Aujourd'hui ils le regrettent.

hakim
| 01-01-2016 13:33
Quid de la suite..
Je retiens principalement:
_peuples arabes incultes majoritairement et non averti sinon insoucieux des grandes manigances geostrategiques.
- grande question a trancher celle de l'islam politique. L image de l'accolade tunisienne et des rapprochements en lybie avec Bhl en sont de grandes illustrations.
- la raison du plus fort reste la meilleure comme vous avez tenu a mettre en conclusion in finè
Mais quid de la suite Si Ammar?
Je propose:
- de voir vos apparitions sur les medias visuels avec un rapprochement avec des gens qui ont la profondeur d analyse comme vous...
- combattre pour que les elites assument leurs responsabilitès d invasion des medias pour affuter les consciences de ces enjeux..particulierement a noter l abscdnce des universitaires...
- militer pour un projet de reseautage entre les universitès et les corporations d avocats d ingenieurs ...au niveau des pays maghrebins et ce selon une charte a definir. Le fondement de cette charte doit etre la mise en place d une strategie pour l evolution scientifique economique et culturelle...

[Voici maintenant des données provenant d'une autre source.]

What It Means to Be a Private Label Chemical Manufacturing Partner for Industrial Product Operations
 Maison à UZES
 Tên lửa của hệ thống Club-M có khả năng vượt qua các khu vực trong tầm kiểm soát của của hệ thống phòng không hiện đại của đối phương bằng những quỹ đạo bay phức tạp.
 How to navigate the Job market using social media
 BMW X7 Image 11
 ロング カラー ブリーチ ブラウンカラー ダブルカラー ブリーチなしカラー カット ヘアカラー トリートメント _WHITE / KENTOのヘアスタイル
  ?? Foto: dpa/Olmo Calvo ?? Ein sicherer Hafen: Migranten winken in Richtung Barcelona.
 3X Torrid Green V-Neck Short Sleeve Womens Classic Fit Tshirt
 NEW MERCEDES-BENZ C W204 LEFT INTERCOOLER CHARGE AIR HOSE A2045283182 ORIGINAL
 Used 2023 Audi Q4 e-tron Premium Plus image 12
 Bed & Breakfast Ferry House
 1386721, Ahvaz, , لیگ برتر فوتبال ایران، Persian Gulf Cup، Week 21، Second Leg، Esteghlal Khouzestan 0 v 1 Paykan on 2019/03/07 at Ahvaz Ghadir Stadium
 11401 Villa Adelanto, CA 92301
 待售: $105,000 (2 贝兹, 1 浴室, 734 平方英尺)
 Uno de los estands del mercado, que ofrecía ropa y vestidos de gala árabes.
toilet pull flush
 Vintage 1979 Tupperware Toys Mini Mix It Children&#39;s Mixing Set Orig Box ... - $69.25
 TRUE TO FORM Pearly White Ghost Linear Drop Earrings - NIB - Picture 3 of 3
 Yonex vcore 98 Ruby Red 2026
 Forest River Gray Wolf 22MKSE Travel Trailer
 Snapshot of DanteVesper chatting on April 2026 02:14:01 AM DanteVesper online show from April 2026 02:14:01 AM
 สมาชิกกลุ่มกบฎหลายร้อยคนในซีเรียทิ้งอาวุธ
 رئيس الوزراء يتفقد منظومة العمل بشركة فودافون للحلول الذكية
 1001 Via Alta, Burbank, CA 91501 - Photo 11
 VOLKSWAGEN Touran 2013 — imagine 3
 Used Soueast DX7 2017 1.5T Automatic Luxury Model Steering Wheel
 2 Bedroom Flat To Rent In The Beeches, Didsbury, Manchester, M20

je vous remercie de nouveau pour cette analyse mais svp tacher de mettre les references des articles de medias.



Demonastir
| 30-12-2015 15:00
Quand l'hyperpuissance commet une erreur, le désastre est à proportion de sa puissance. Les USA en ont commis (Irak, Afghanistan), Obama l'a reconnu, il a retiré les armées envoyées par Bush. De là à rendre Obama responsable de tous les malheurs du monde... pas sérieux, purement affectif. Les petites puissances savent aussi faire des bêtises plus grosses qu'elles. Libyens, Syriens, Irakiens et autres nous en donnent chaque jour la preuve.

Tunisienne
| 30-12-2015 08:26
Je me joins à notre ami Slaheddiine pour vous demander de nous éclairer sur le rôle joué par la Tunisie dans la chute de Tripoli et sur les dessous de la livraison de Baghdadi Mahmoudi.
Bonne continuation!

libye
| 29-12-2015 22:32
c est la verite' rien a dire de plus, tant que vivant en Libye

Rudy
| 29-12-2015 17:05
J'au suivit le coups d'etat en Tunesie épui de la Tunesie celui la de la Lybie, les 2 organisé par l"OTAN comme d"ailleurs aussi en Syrie je peut prétendre cela accause d'une certaine proffesionalisme ! Je suis Européen j'ai honte de l'Europe et mon pays ayant y fait partie, maudits sont tout ceux qui y ont participé ! Certains Tunésiens aiment de rigoler avec les Lybiens , mais ou est vous en se moment, vous seriez mieux d'ëtre solidair de combatre la mëme menace qui vous et aussi les Algériens pourait toucher !

safari72
| 29-12-2015 15:35
La complotite sévit comme une maladie chronique dans certains esprits soi-disant éclairés, parmi nos compatriotes. De temps en temps on voit apparaitre des poussées aigues sous forme de ces articles farfelus. C'est malheureux! C'est regrettable.